------ Data records ------
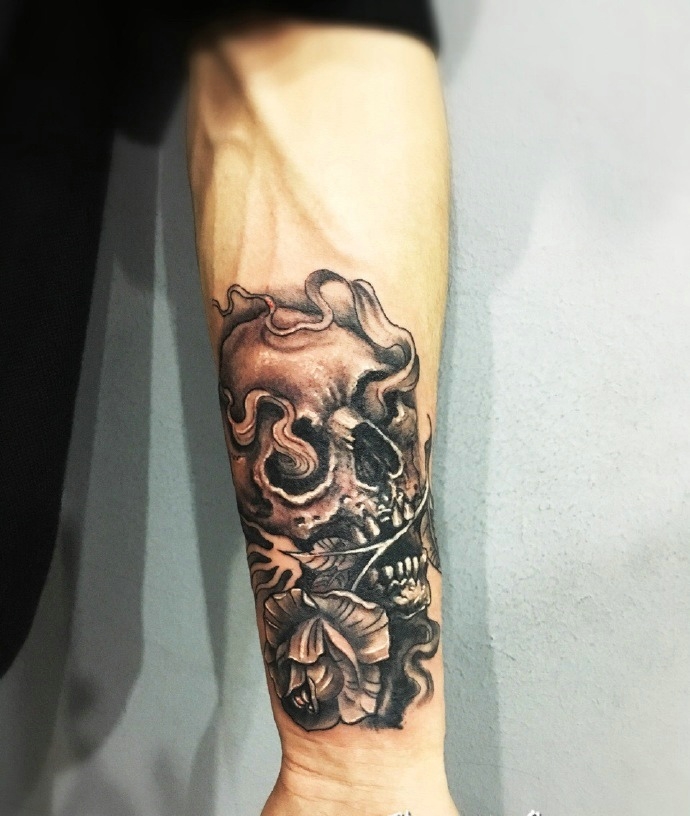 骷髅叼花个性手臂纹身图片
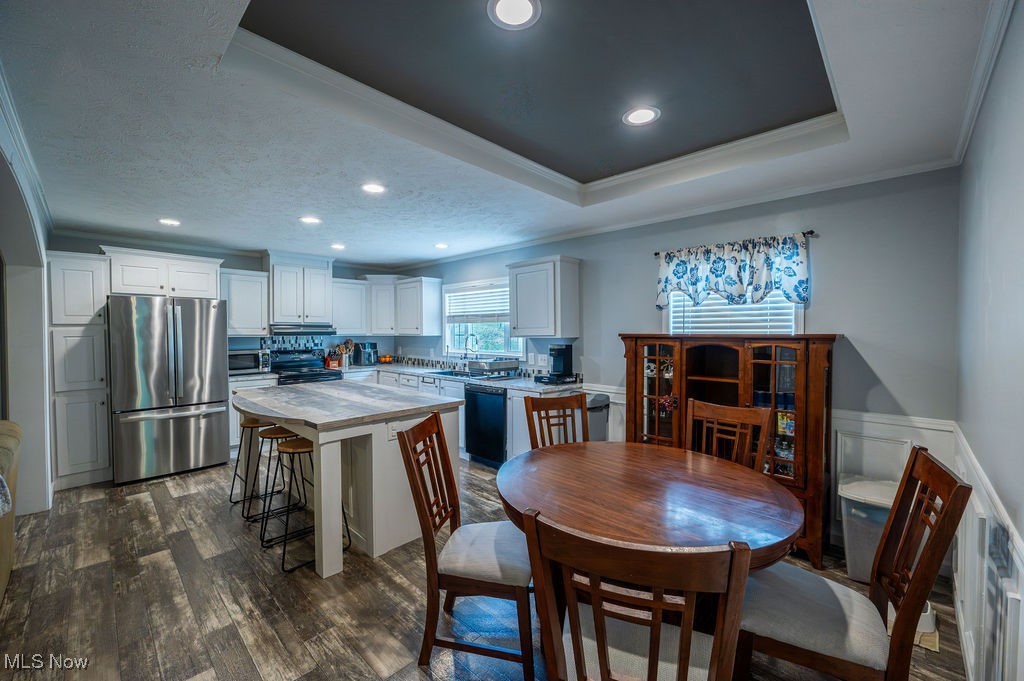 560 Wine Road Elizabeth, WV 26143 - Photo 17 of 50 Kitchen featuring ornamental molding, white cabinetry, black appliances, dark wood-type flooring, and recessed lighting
------
------ Data records ------
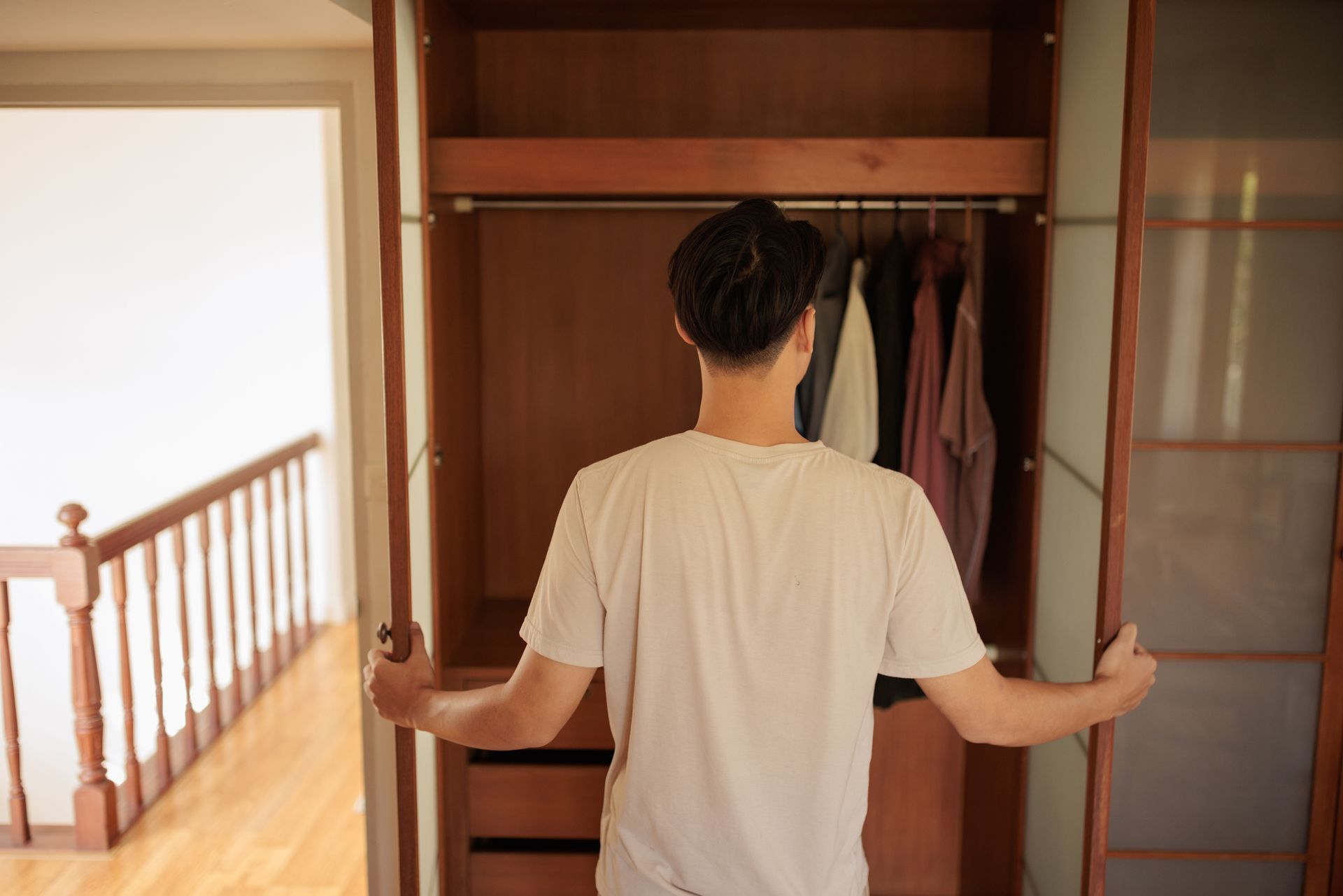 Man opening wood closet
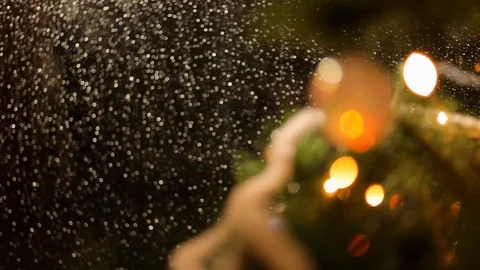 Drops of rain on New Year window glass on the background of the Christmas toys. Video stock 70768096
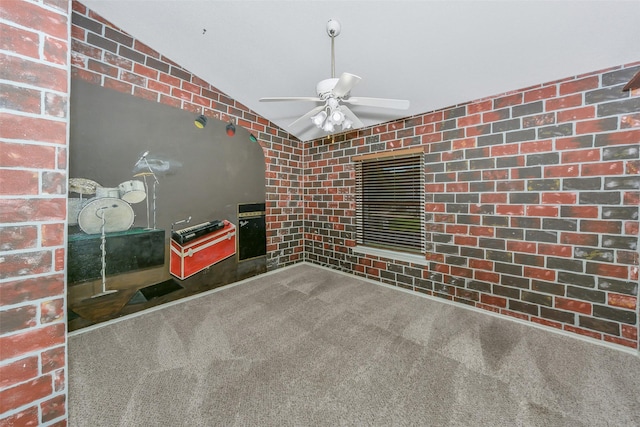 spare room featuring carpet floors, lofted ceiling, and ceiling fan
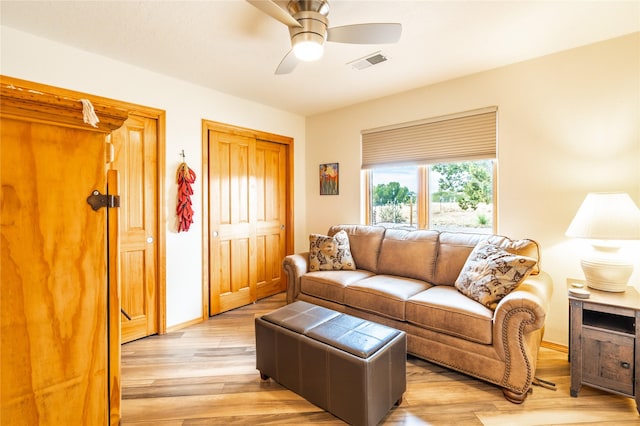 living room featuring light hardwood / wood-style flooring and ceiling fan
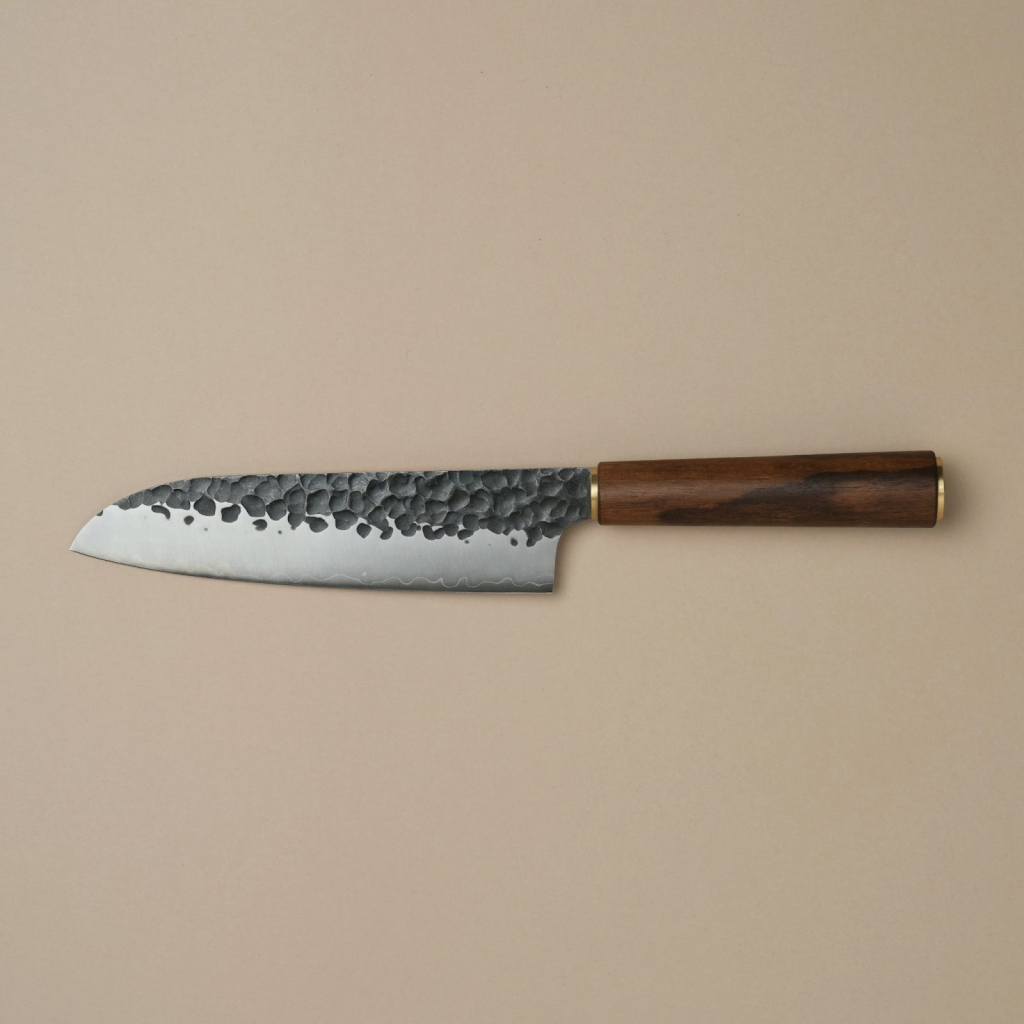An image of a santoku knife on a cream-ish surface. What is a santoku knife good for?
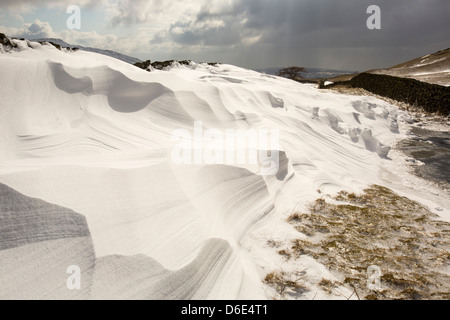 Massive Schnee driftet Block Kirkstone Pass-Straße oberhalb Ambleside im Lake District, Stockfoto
------
------ Data records ------
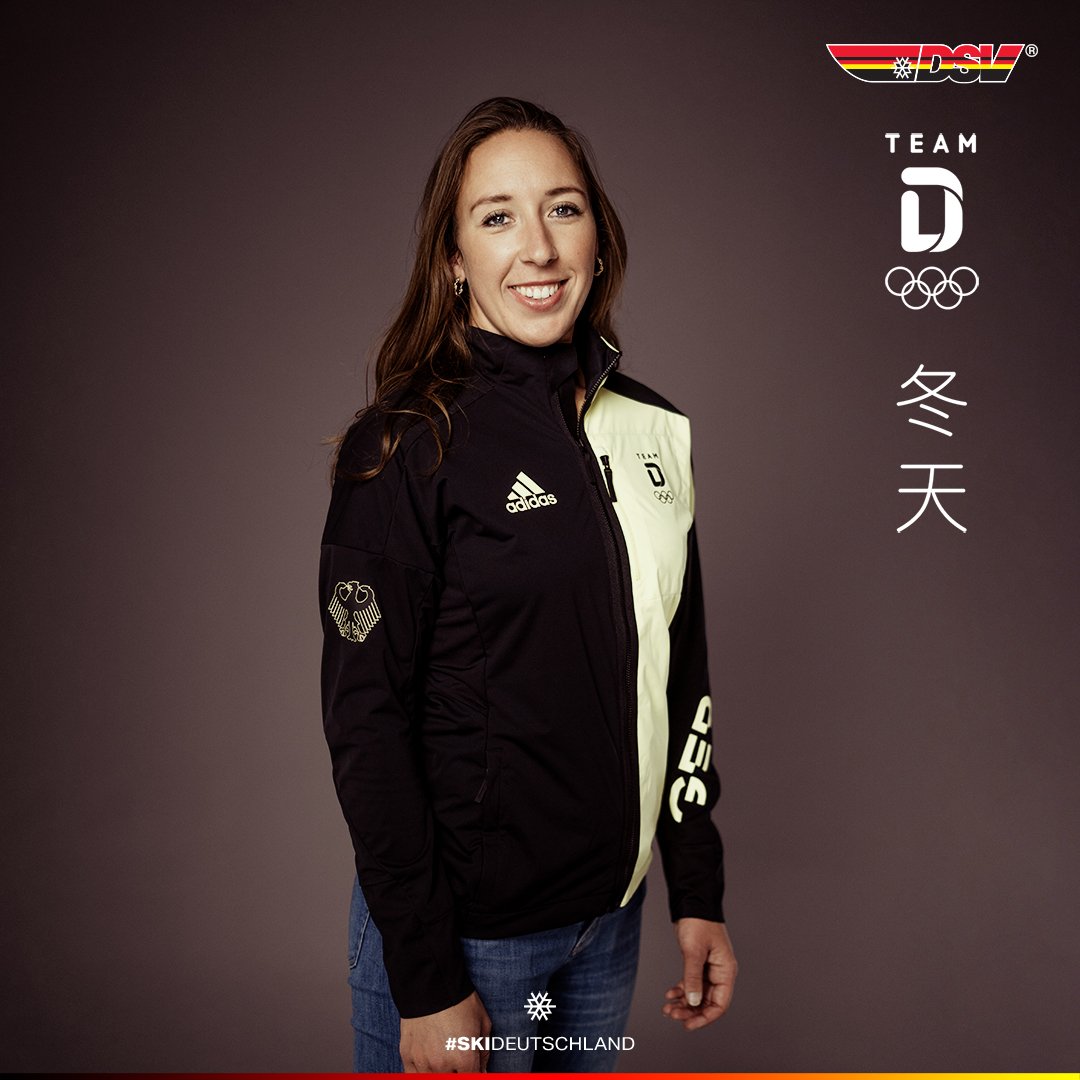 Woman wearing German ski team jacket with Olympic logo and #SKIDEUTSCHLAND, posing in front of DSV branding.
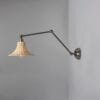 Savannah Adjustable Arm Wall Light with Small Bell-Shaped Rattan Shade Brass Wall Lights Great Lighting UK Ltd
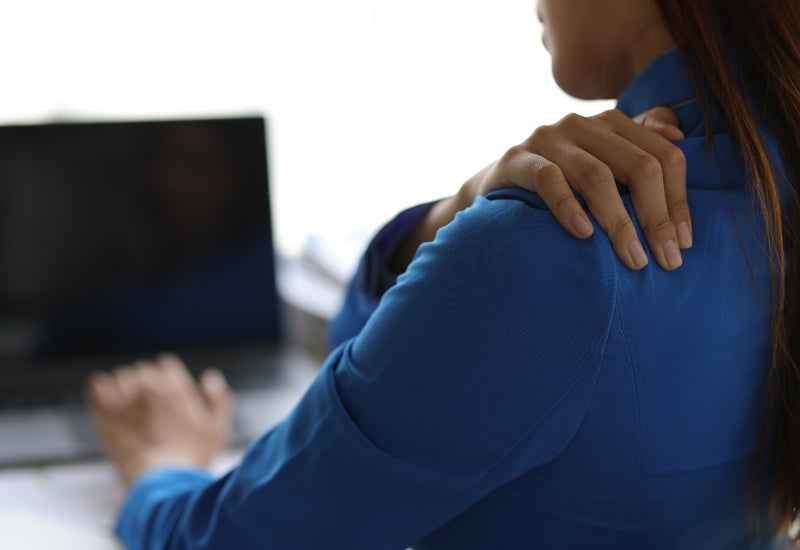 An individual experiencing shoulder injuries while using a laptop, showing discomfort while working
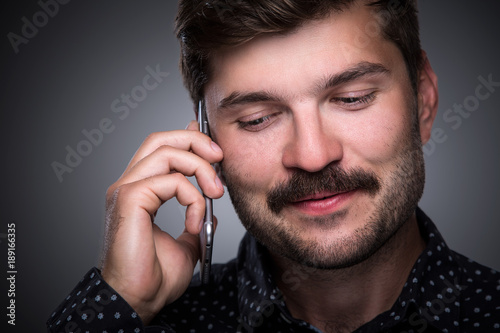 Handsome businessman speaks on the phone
------
Beginning at the line above that contains "An image of" and going on through the line that contains "Massive Schnee driftet", please copy every line exactly, leaving the pictures out and adding nothing.

An image of a santoku knife on a cream-ish surface. What is a santoku knife good for?
 Massive Schnee driftet Block Kirkstone Pass-Straße oberhalb Ambleside im Lake District, Stockfoto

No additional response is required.